TASK MATERIAL START

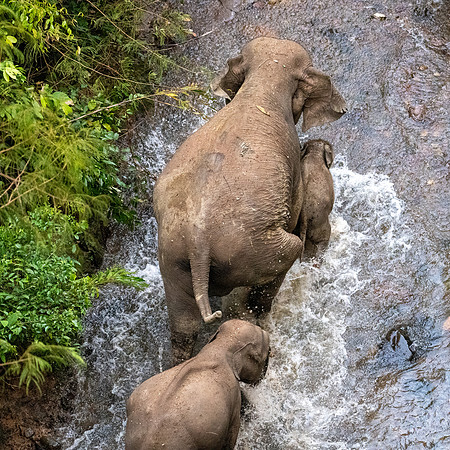 Pygmy Elephant -12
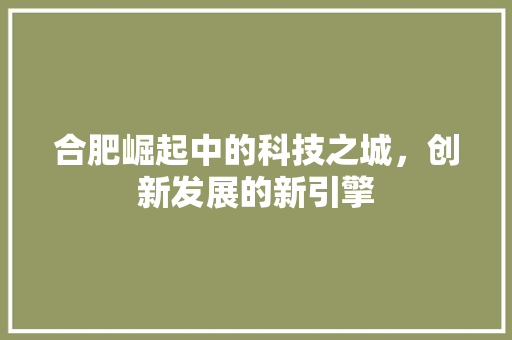 合肥崛起中的科技之城，创新发展的新引擎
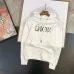 Cheap Dior hoodies for Men #999924854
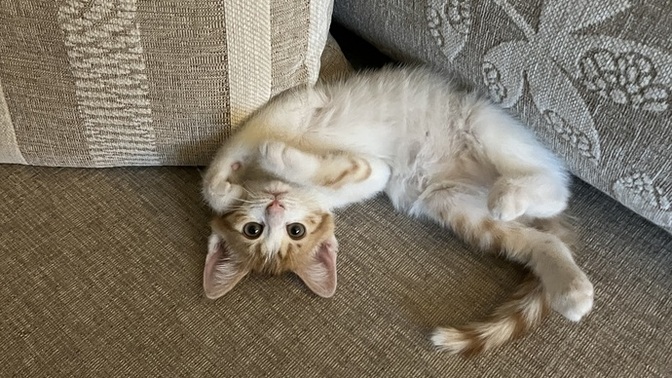 Kedim 1 hafta içinde perdeyi yırtmış, abajuru devirmiş, internetin kablosunu kemirmiş. Annem beni gebertir mi?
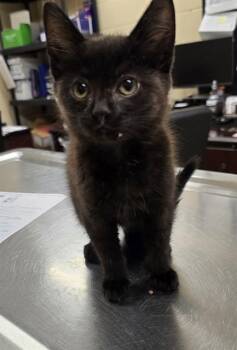 CINDER -  Domestic Short Hair Cat for Adoption in Aliquippa, Pennsylvania - CINDER | PetCurious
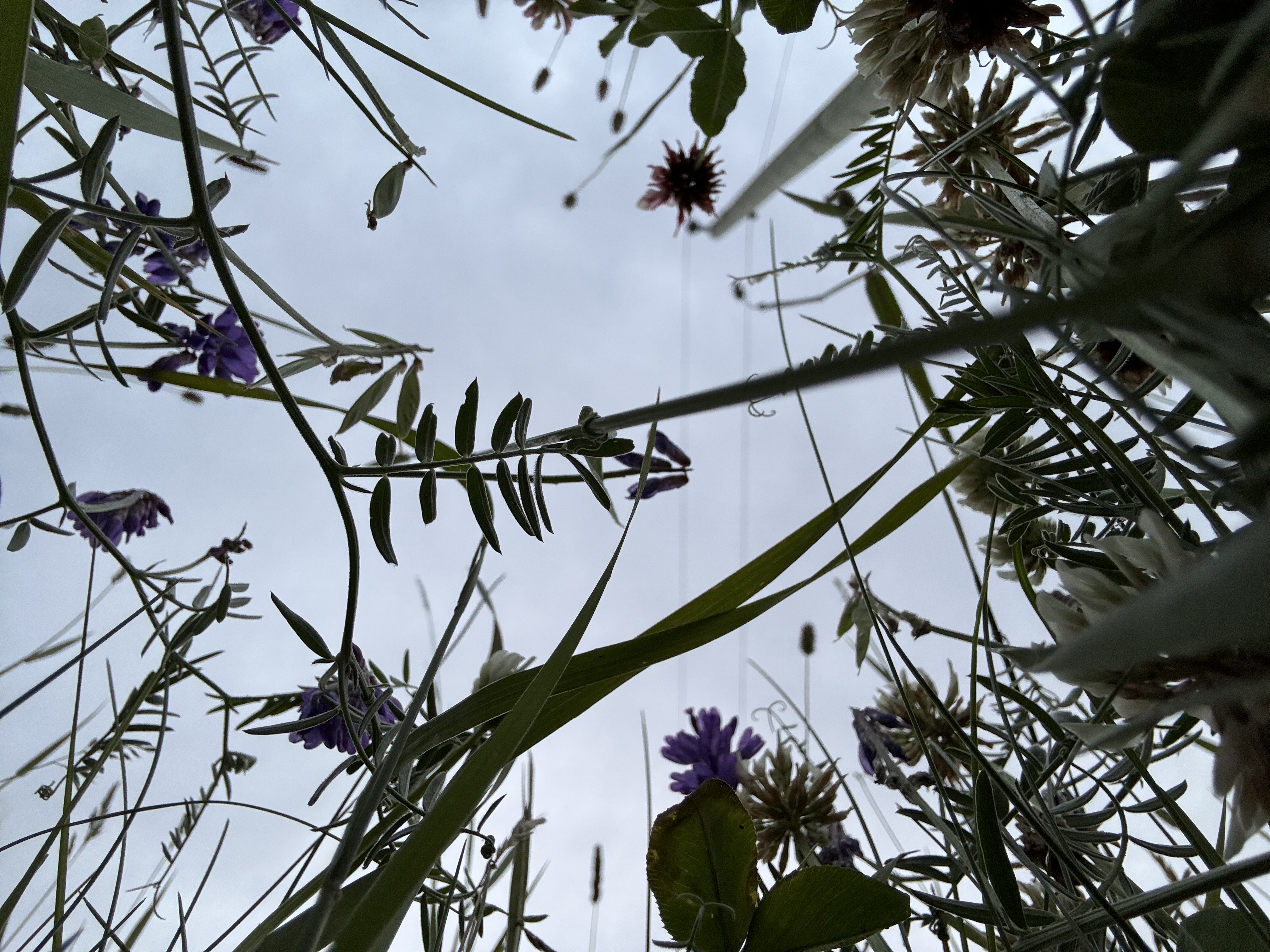 the Casual Backpacker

TASK MATERIAL END

TASK GOAL:
Please print each record above again exactly, but omit any pictures.

SOLUTION BELOW:
 Pygmy Elephant -12
 合肥崛起中的科技之城，创新发展的新引擎
 Cheap Dior hoodies for Men #999924854
 Kedim 1 hafta içinde perdeyi yırtmış, abajuru devirmiş, internetin kablosunu kemirmiş. Annem beni gebertir mi?
 CINDER -  Domestic Short Hair Cat for Adoption in Aliquippa, Pennsylvania - CINDER | PetCurious
 the Casual Backpacker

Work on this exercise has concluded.